Lo scaffale di Tellus
Riccardo Nencini: Oriana Fallaci. Moriṛ in piedi
14 Febbraio 2015
 

Riccardo Nencini

Oriana Fallaci

Morirò in piedi

Polistampa, 2010, pp. 80, € 6

 

Lei è la grande Oriana, lui Riccardo Nencini, scrittore e pubblicista, segretario nazionale del PS, che è stato deputato ed europarlamentare. Il luogo è Firenze in una calda giornata di giugno del 2006, pochi mesi prima della morte della Fallaci, avvenuta il 15 settembre. È tornata a Firenze da New York, dove si è trasferita dopo l’uscita di Insciallah, il libro testimone dei suoi giorni di Piazza dei Martiri, a Beirut, dove aveva sperimentato da vicino carneficine e sparatorie.

Sono amici. Lei lo ha mandato a chiamare. Parla con lui fino al tramonto. Di poche parole, riservata fino al rischio di apparire scostante, gli si svela nei suoi pensieri più profondi, senza indulgere alla autocompassione, consapevole e forte anche davanti all’ultimo passo, che sente vicino. È magra e sfinita dalle chemio, fuma con avidità e mangia poco o niente. “Sono alla fine Riccardo, e voglio morire a Firenze. Te l’avevo detto a New York. E ora ci siamo. Ma morirò in piedi, come Emily Brontë… Al mio funerale vorrei salve di cannone”.

Eppure Firenze non l’ha trattata bene da quando lei ha espresso il suo pensiero antislamico dopo la tragedia delle Torri Gemelle: “Il 12 giugno, a Bergamo, sono stata processata per reato d’opinione. Pardon: vilipendio all’Islam”. Convinta di un assunto che forse oggi molti più di allora condividerebbero con lei: “L’occidente è malato, ha perso la voglia di lottare, oppone valori vacui di fronte all’integralismo islamico. È grasso e loro hanno fame, non ha fede, e loro hanno una fede…la libertà si è trasformata in permissivismo”. A peggiorare le relazioni c’è stata anche una polemica contro il municipio e la curia fiorentina che troppo concedevano ai migranti somali.

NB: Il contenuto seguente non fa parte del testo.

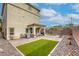 Large backyard features brick-paved patio, turf area, and a built-in BBQ, ideal for entertaining and recreation at 7579 Harwich Bay Ave, Las Vegas, NV 89179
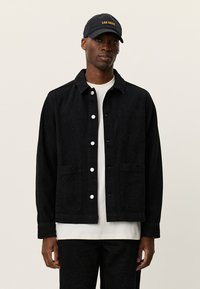 Μαύρο τζιν μπουφάν με διακριτικό λουλουδάτο σχέδιο, γιακά, κουμπιά μπροστά και πλαϊνές τσέπες. Φορεμένο πάνω από λευκό πουκάμισο και μαύρο παντελόνι.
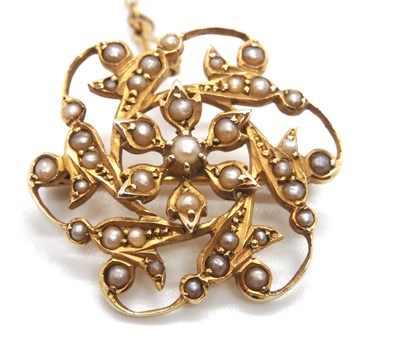 Lot 90 - An Edwardian 9ct seed pearl brooch, the...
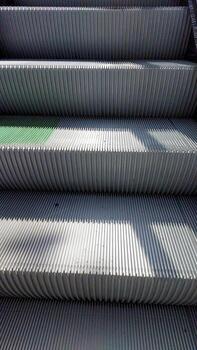 Escalator Stairs Leading Upwards in a Busy Urban Environment During Daylight Hours photo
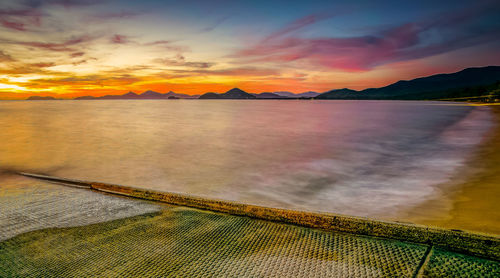 Scenic view of sunset over sea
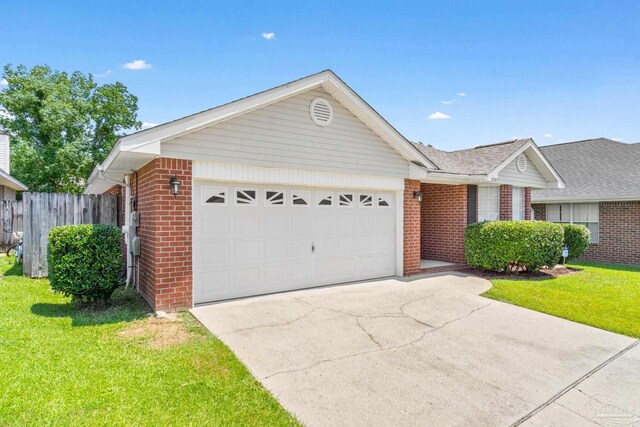 ranch-style home featuring a garage and a front lawn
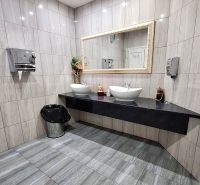 A bathroom with two sinks and a large mirror in hotels and guesthouses.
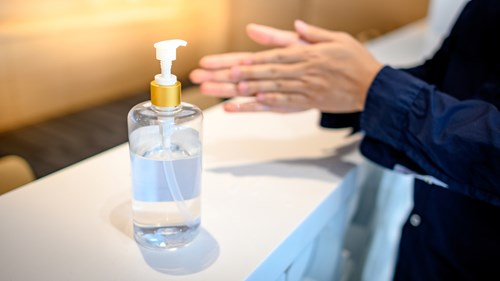 Hand sanitizer dispenser with a person in a shirt sanitizing their hands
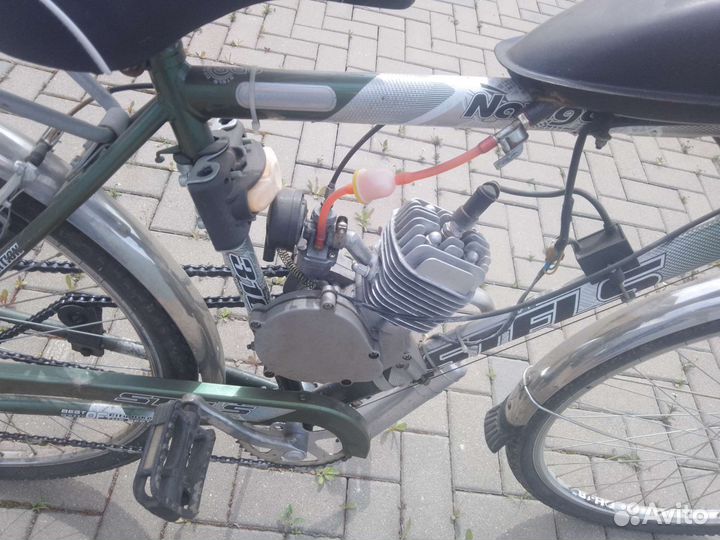 Велосипед stels с мотором 80кубов 2т (торг)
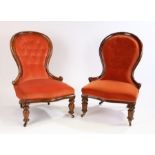 Near pair of Victorian mahogany button back chairs, the arched top rail with stuff over back and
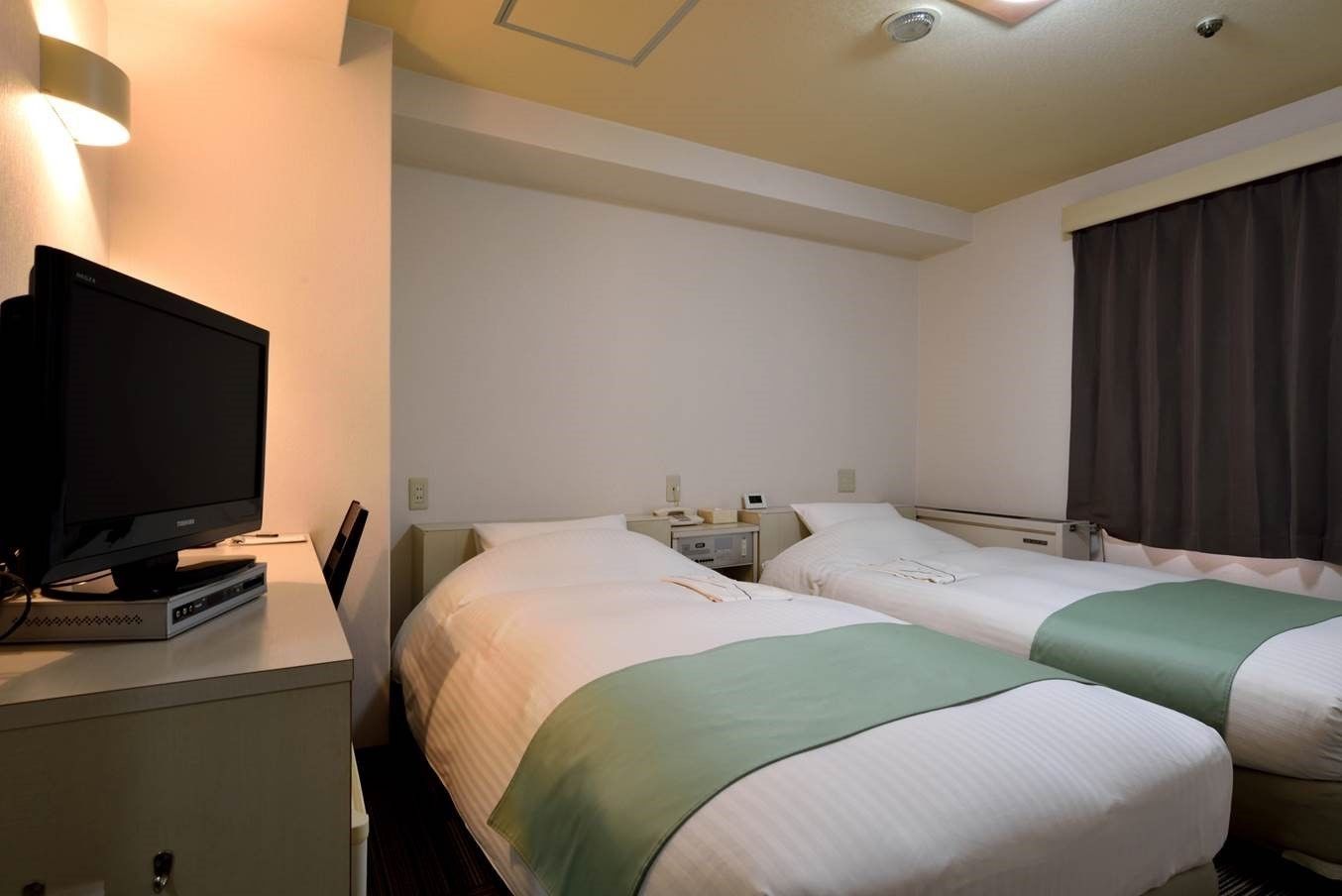 Una camera d'albergo con due letti, una televisione su un mobile, comodini e una tenda.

Ma Firenze è la sua città, “qui sono nata” dice “qui sono sepolti i miei affetti, la mia gente. Qui ho iniziato a volere la libertà quando ancora non sapevo cosa fosse”.

Passano ricordi di una vita, a cominciare da quando, bambina, portava le bombe a mano ai partigiani, nascoste nel cuore dell’insalata. E poi i reportages da teatri di guerra, Vietnam, Messico, Libano, guerra del Golfo. Del resto, sono parole sue, “Io non so vivere, non avrei saputo vivere senza avventure”. E le interviste ai grandi, il suo coraggio di togliersi il chador davanti a Khomeini e di chiamarlo tiranno. E i suoi amori, conosciuti e non, le sue rinunce come donna. Con un malcelato orgoglio di ciò che ha costruito: “gli Italiani mi hanno letto come nessun’altra”.

Ma quale grande richiesta ha in serbo Oriana per Nencini? “Voglio morire nella torre dei Mannelli, guardando l’Arno da Ponte Vecchio. Era il quartier generale dei partigiani che comandava mio padre, il Gruppo di Giustizia e Libertà”.

Oriana restò alcuni giorni ancora a Firenze, forse un paio di settimane – scrive Nencini. Dopo essersi commossa affacciandosi dalle finestre della torre dei Mannelli, visitò altre case accompagnata da un pugno di amici, sempre gli stessi.

Non fu possibile trovare la soluzione per lei, in poco tempo.